IL BUY-BACK SPIEGATO FACILE


DALLA PAGINA FACEBOOK DI GILBERTO TROMBETTA


“I manager delle corporation usano generalmente i buy-back, ovvero gli acquisti delle azioni delle loro società, per gonfiare il rendimento di ogni singola azione (earnings per share, EPS): infatti grazie al buy-back diminuisce il numero di azioni in circolazione e gli utili aziendali vengono spalmati su un numero minore di azioni.
Ovviamente questo va a vantaggio degli azionisti e dei manager che hanno opzioni sulle azioni della loro impresa, ma certamente non rafforza il capitale delle imprese. Anzi: molto spesso le imprese si indebitano pesantemente emettendo obbligazioni (acquistate a piene mani dagli istituti bancari) solo per riacquistare i propri titoli azionari che così in borsa aumentano artificiosamente di valore.

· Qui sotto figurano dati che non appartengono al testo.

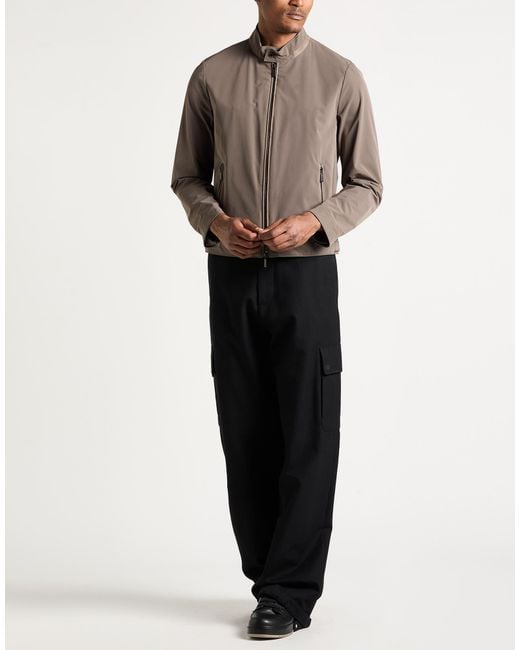 Moorer Brown Jacket for men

Il buy-back è tutt’altro che un fenomeno isolato ed eccezionale: al contrario è normale, comune e diffuso, provoca un artificioso aumento dei valori di mercato e contemporaneamente un forte indebitamento e impoverimento delle aziende. Prima del 1981 nel Regno Unito, e prima del 1982 negli Stati Uniti, il buy-back era proibito ed era considerato manipolazione di mercato. Dopo che è stato permesso si è diffuso sempre di più.
Nel 2019, secondo le stime di bank of America Merrill Lynch, le aziende hanno speso circa 823 miliardi di dollari per ricomprare le loro stesse azioni. Goldman Sachs stima invece numeri superiori: 940 miliardi di dollari con una crescita del 13% rispetto all’anno prima.
Secondo la Banca dei regolamenti Internazionali tra il 2010 e il 2019 le aziende statunitensi hanno distribuito 4 trilioni di dollari di dividendi e 6 trilioni di dollari di buy-back agli azionisti, ovvero 4 trilioni di dollari al netto del costo per l’emissione di azioni, una cifra enorme. Il valore complessivo dei buy-back è triplicato in un decennio. La borsa americana ormai serve più ad arricchire gli azionisti e i manager che a rafforzare le imprese”.